Há consenso entre ministros, secretários e o próprio Lula de que o ex-comandante do Exército teria trabalhado contra a desmobilização dos acampamentos de bolsonaristas extremistas em frente ao quartel-general do Exército, no Setor Militar Urbano (SMU), em Brasília.
Segundo Múcio, Tomás Paiva está “entusiasmado” com o cargo e vai precisar fazer “costuras internas”. “[Tomás] prometeu servir o país no comando do Exército. Está entusiasmado. Evidentemente que existem algumas costuras internas para fazer, a coisa foi muito rápida, mas nós tínhamos que fazer o que foi feito”, disse o ministro da Defesa.

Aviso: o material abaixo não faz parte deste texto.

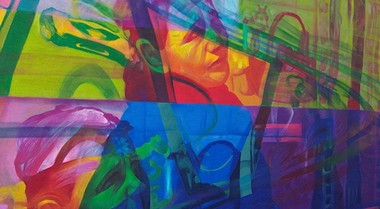 Foto eines abstrakten Kunstwerks, das das Gesicht eines Mannes hinter einer Fläche von verschiedenen Farben zeigt. 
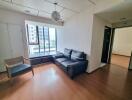 Modern living room with large window and comfortable seating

Durante cerimônia em homenagem aos militares mortos em missão no Haiti, na semana passada, durante terremoto ocorrido no ano de 2010, Tomás Paiva discursou em defesa da democracia, das urnas eletrônicas e da alternância de poder.
“Ser militar é isto, é ser profissional, é respeitar hierarquia e disciplina, é ser coeso, é ser íntegro, é ter espírito de corpo, é defender a pátria, é ter uma instituição de estado apolítica, apartidária. Não interessa quem está no comando, a gente vai cumprir a missão do mesmo jeito. Isso é ser militar. É não ter corrente”, disse Paiva durante solenidade realizada no último dia 18, em São Paulo (SP).

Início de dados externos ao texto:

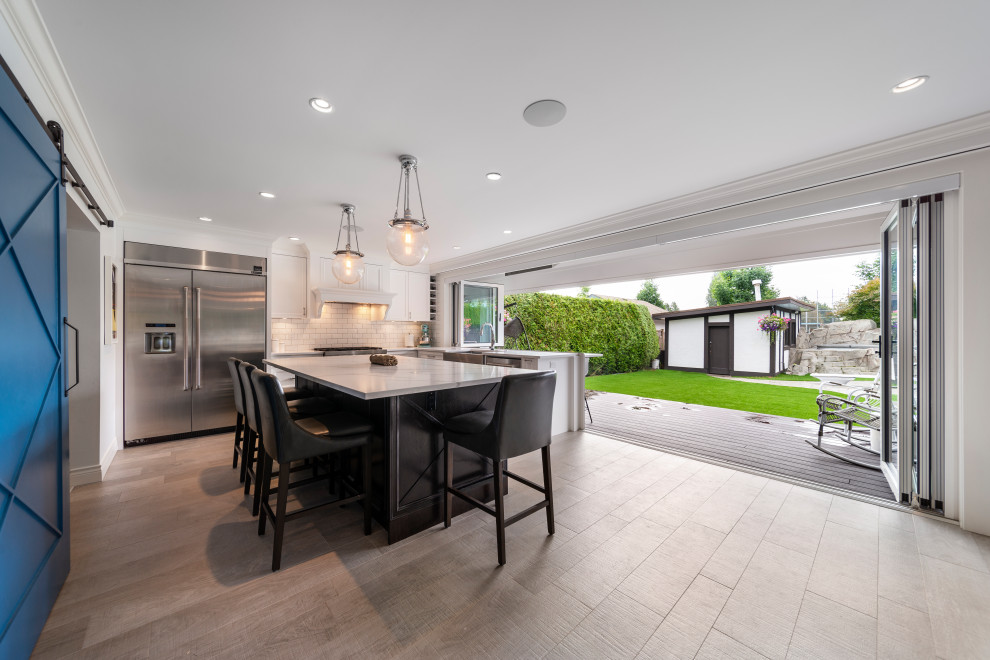 Transitional beige floor kitchen photo in Vancouver with white backsplash, stainless steel appliances, an island and white countertops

"Quando a gente vota, tem que respeitar o resultado da urna. Não interessa. Tem que respeitar. É isso que se faz. Essa é a convicção que a gente tem que ter. Mesmo que a gente não goste. Nem sempre a gente gosta. Nem sempre é o que a gente queria. Não interessa. Esse é o papel de quem é instituição de Estado. Instituição que respeita os valores da pátria, como de Estado", acrescentou.
Durante a fala, o general afirmou que o respeito às premissas do Exército não anula a cidadania exercida individualmente por cada um dos militares. As palavras foram dadas em meio aos apelos inconstitucionais de apoiadores do ex-presidente Jair Bolsonaro (PL) por uma intervenção militar contra o recém-iniciado governo Lula.
"Isso não significa que o cara não seja um cidadão. Que o cara não possa exercer o seu direito, ter a sua opinião. Ele pode ter, mas ele não pode manifestar. Ele pode ouvir muita coisa, muita gente falando que ele faça isso, faça aquilo, mas ele faz o que é correto. Mesmo que o correto seja impopular. Porque a democracia pressupõe liberdade, garantias individuais, políticas públicas e, também, é o regime do povo, alternância do poder. É o voto", completou o novo comandante do Exército. O discurso pode ser visto na página do Comando Militar do Sudeste no YouTube.